I due eventi per una curiosa coincidenza sono stati concomitanti. “Il paese di Carlo Levi” con legittimo orgoglio annunciava di essere stato inserito nel gruppo delle otto finaliste fra le città partecipanti al concorso indetto dal Ministero dei Beni Culturali. Quasi in contemporanea la “Città dei Sassi”, solo tre anni fa Capitale Europea della Cultura, ragion per cui è stata inondata da un enorme fiume di finanziamenti, subiva l’onta di una possibile definitiva chiusura della prestigiosa Biblioteca Provinciale. Pare che il rischio sia stato scongiurato, si spera non provvisoriamente, per un intervento in extremis della Regione Basilicata.

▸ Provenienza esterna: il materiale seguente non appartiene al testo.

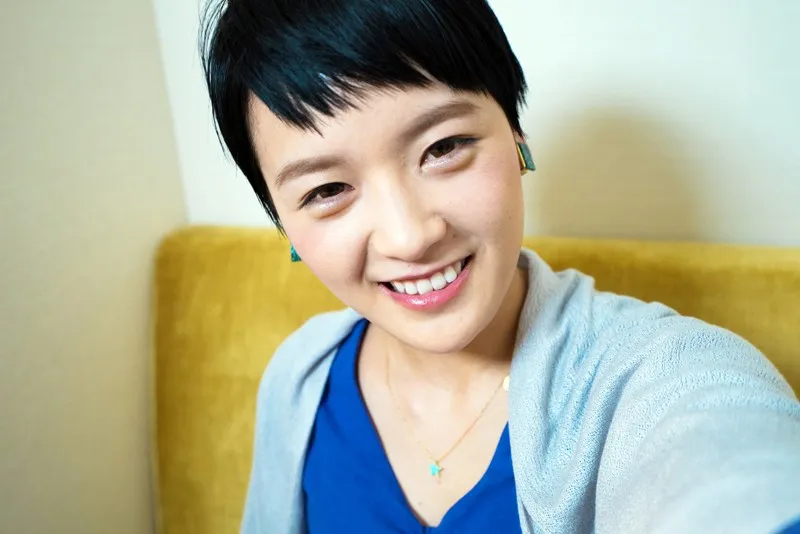 SHE-483 Shortcut girls! !! The small face of a cute girl who is attracted to me for some reason is attractive!, screenshot 4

La incresciosa vicenda, comunque, induce a una profonda riflessione sul tema della gestione e della valorizzazione dei beni culturali lucani. Non va, infatti, dimenticato che la situazione bibliotecaria di Matera è solo una spia dello stato avvilente, talvolta indecoroso, in cui versano le biblioteche, che furono istituite nei decenni passati nei comuni grandi e piccoli.
Altro che biblioteche “granai dello spirito”, come amava definirle la scrittrice Marguerite Yourcenar. Trascurate o del tutto abbandonate a se stesse, nella nostra regione sono diventate un po’ ovunque luoghi tetri e desolatamente deserti. Se si pensa, inoltre, che sempre riguardo alla città dei Sassi restano ancora irrisolti due gravi problemi legati alle donazioni dei compianti Leonardo Sacco e Mimì Notarangelo, si capisce bene quanto siano giustificate le recriminazioni riguardo alla mancata attenzione da parte delle Istituzioni nei confronti dei “giacimenti” culturali lucani.
È avvilente, insomma, constatare che sono sempre più frequenti i casi in cui le biblioteche sono trascurate e lasciate morire dalle Amministrazioni locali. Ciò non di rado è imputabile a scelte politiche molto discutibili, perché molti Amministratori sembrano essere posseduti dal demone del frivolo e dell’effimero, forse ben più redditizi sul piano della propaganda politica.
Per questo essi si sono preoccupati da qualche anno a questa parte di dar vita, soprattutto nelle manifestazioni ferragostane, a una pletora di iniziative culturali, o presunte tali, molte delle quali alla fine sono risultate appariscenti e magari accattivanti al momento, ma di evanescente significato e di discutibile valore. A farne le spese, di conseguenza, sono stati quasi sempre il libro, la lettura e la scrittura. Che restano pur sempre, checché se ne dica o se ne pensi, componenti essenziali e irrinunciabili della cultura, anche se non sembrano godere né di una particolare simpatia da parte di molti politici, né di un grande favore popolare.